A l'occasion des vacances, Liberté Libertés Chéries invite ses lecteurs à retrouver les Pères Fondateurs des libertés publiques. Pour comprendre le droit d'aujourd'hui, pour éclairer ses principes fondamentaux et les crises qu'il traverse, il est en effet nécessaire de lire ou de relire ceux qui en ont construit le socle historique et philosophique. Les courts extraits qui seront proposés n'ont pas d'autre objet que de susciter une réflexion un peu détachée des contingences de l'actualité, et de donner envie de lire la suite.
Les
choix des textes ou citations seront purement subjectifs, détachés de
toute approche chronologique. Bien entendu, les lecteurs de Liberté
Libertés Chéries sont invités à participer à cette opération de
diffusion de la pensée, en faisant leurs propres suggestions de
publication. Qu'ils en soient, à l'avance, remerciés.
Traité théologico-politique
Baruch Spinoza. 1670
On pense en effet que l’esclave est celui qui agit par commandement et l’homme libre celui qui agit selon son bon plaisir. Cela cependant n’est pas absolument vrai, car en réalité être captif de son plaisir et incapable de ne rien voir ni faire qui nous soit vraiment utile, c’est le pire esclavage, et la liberté n’est qu’à celui qui de son entier consentement vit sous la seule conduite de la Raison.
Quant à l’action par commandement, c’est-à-dire à l’obéissance, elle ôte bien en quelque manière la liberté, elle ne fait cependant pas sur-le-champ un esclave, c’est la raison déterminante de l’action qui le fait. Si la fin de l’action n’est pas l’utilité de l’agent lui-même, mais de celui qui la commande, alors l’agent est un esclave, inutile à lui-même ; au contraire, dans un Etat et sous un commandement pour lesquels la loi suprême est le salut de tout le peuple, non de celui qui commande, celui qui obéit en tout au souverain ne doit pas être dit en esclave inutile à lui-même, mais un sujet […]
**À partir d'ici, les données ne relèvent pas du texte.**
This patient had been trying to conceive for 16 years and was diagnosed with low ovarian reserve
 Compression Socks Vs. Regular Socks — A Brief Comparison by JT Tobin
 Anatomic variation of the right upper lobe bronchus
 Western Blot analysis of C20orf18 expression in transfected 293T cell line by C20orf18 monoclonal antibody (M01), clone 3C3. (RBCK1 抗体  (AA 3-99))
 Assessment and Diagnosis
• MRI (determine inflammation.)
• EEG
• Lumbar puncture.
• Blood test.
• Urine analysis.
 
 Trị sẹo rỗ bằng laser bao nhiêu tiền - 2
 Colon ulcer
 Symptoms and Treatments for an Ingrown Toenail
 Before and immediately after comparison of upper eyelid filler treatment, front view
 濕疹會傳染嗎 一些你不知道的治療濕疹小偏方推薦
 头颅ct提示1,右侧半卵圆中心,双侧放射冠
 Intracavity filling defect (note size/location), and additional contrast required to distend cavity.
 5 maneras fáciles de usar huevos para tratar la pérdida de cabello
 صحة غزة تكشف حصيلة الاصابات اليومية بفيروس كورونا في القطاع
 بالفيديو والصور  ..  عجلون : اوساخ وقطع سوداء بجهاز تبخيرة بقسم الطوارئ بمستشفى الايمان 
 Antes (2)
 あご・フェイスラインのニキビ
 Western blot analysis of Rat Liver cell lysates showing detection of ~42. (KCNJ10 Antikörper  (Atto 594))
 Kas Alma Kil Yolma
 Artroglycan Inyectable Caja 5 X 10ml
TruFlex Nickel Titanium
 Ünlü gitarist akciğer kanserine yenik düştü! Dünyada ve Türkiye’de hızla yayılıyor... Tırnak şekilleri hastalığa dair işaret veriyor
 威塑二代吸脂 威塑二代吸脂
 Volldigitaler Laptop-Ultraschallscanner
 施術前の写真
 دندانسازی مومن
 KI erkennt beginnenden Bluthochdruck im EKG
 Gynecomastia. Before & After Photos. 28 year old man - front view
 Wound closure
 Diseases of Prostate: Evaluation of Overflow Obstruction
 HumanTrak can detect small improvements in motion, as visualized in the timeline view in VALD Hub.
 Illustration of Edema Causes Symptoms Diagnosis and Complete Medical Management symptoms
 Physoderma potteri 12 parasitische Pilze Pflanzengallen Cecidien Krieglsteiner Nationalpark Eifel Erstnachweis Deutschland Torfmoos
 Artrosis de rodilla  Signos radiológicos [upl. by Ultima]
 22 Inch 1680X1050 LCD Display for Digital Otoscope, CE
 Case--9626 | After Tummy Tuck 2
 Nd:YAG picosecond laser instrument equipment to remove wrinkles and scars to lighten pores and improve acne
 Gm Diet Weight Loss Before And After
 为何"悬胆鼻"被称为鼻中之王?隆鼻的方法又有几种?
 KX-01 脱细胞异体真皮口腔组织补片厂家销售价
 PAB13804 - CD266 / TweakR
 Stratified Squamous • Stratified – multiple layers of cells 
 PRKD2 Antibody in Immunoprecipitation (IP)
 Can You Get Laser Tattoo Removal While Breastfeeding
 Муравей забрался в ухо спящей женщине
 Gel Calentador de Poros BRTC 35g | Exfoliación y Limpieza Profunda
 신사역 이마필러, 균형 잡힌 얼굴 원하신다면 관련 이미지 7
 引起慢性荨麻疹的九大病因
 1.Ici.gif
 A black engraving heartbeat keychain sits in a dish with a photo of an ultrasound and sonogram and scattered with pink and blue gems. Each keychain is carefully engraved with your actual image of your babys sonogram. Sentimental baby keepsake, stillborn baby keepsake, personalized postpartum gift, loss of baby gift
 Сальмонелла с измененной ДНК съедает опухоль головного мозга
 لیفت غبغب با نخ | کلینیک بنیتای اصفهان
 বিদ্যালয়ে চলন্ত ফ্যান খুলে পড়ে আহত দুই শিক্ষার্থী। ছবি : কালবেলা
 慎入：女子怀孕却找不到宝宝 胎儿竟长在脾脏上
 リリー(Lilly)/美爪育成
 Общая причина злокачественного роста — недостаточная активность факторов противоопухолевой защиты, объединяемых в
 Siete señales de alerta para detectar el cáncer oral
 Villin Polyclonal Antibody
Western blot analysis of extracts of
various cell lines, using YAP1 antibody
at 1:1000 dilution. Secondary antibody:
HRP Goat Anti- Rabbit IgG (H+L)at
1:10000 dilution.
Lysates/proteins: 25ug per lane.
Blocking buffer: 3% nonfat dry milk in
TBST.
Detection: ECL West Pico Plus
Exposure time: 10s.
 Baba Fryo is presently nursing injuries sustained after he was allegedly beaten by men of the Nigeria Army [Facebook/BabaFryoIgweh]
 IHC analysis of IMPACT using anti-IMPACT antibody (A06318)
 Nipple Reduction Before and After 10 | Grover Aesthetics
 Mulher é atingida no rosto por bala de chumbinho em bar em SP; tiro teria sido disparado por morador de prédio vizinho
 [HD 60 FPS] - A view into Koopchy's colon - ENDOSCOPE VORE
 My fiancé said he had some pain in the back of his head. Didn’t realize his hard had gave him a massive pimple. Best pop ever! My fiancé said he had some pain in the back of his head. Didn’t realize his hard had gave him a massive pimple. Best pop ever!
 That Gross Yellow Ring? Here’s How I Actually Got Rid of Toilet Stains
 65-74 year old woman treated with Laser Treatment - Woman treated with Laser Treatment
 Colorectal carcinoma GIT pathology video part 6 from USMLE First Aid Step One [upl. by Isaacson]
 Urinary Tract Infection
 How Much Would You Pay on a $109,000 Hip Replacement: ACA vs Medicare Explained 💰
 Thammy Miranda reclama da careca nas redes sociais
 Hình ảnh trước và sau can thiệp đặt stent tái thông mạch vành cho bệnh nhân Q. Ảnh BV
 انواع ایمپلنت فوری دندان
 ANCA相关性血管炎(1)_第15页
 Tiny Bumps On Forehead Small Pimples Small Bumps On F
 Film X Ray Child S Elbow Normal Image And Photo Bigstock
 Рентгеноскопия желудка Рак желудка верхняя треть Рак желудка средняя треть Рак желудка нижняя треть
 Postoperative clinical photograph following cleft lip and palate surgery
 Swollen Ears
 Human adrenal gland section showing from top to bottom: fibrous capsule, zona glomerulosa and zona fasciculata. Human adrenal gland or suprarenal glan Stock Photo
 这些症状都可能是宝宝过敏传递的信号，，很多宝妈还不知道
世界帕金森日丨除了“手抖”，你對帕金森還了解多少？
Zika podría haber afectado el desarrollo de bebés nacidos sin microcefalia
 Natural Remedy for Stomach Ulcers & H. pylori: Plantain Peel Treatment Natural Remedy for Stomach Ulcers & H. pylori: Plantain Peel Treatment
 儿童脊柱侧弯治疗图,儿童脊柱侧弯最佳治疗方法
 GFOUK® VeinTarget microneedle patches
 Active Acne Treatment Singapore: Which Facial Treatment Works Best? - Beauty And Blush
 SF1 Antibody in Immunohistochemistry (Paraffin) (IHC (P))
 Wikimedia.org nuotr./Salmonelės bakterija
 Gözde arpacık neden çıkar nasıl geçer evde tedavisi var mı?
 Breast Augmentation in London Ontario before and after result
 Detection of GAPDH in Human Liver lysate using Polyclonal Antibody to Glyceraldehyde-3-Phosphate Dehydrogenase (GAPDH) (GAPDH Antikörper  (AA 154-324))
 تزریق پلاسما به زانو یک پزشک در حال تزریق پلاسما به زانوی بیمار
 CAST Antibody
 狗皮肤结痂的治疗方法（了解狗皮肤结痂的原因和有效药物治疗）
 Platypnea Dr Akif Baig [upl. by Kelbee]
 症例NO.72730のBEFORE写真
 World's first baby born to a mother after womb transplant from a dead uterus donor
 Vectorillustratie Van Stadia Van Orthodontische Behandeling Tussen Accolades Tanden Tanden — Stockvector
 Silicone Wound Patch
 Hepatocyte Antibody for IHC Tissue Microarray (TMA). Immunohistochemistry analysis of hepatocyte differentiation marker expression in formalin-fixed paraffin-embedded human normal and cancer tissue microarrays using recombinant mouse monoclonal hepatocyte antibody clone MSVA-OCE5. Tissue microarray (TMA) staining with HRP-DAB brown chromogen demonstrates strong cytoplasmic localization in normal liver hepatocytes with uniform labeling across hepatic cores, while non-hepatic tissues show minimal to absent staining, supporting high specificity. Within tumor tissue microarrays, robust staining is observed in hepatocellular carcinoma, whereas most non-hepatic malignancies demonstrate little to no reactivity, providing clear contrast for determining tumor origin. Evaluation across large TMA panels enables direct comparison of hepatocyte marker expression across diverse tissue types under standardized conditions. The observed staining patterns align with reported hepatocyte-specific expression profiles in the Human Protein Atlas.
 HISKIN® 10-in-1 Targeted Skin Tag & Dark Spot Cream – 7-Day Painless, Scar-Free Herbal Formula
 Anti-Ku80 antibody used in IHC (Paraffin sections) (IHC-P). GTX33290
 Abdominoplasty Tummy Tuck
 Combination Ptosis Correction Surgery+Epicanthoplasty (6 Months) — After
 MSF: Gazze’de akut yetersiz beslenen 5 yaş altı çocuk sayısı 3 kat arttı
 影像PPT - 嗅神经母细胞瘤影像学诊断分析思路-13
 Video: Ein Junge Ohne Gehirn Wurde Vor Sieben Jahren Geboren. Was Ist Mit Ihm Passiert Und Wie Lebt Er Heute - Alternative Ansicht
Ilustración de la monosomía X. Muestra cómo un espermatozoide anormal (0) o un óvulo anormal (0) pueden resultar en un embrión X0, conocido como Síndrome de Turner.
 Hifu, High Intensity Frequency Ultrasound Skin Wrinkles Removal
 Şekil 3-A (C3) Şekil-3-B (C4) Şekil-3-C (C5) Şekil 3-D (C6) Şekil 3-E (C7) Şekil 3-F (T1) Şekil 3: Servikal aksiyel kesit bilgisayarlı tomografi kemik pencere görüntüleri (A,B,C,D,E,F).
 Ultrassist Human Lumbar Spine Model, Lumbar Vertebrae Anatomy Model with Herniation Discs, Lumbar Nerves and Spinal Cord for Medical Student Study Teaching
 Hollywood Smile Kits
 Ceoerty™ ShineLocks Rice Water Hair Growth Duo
De même encore les enfants, bien que tenus
d’obéir aux commandements de leurs parents, ne sont cependant pas des
esclaves ; car les commandements des parents ont très grandement égard à
l’utilité des enfants. Nous reconnaissons donc une grande différence
entre un esclave, un fils et un sujet, qui se définissent ainsi : est
esclave qui est tenu d’obéir à des commandements n’ayant égard qu’à
l’utilité du maître commandant ; fils qui fait ce que lui est utile par
le commandement de ses parents ; sujet enfin, qui fait par le
commandement du souverain ce qui est utile au bien commun et par
conséquent aussi à lui-même.
Eh oui…On ne lit jamais assez Spinoza…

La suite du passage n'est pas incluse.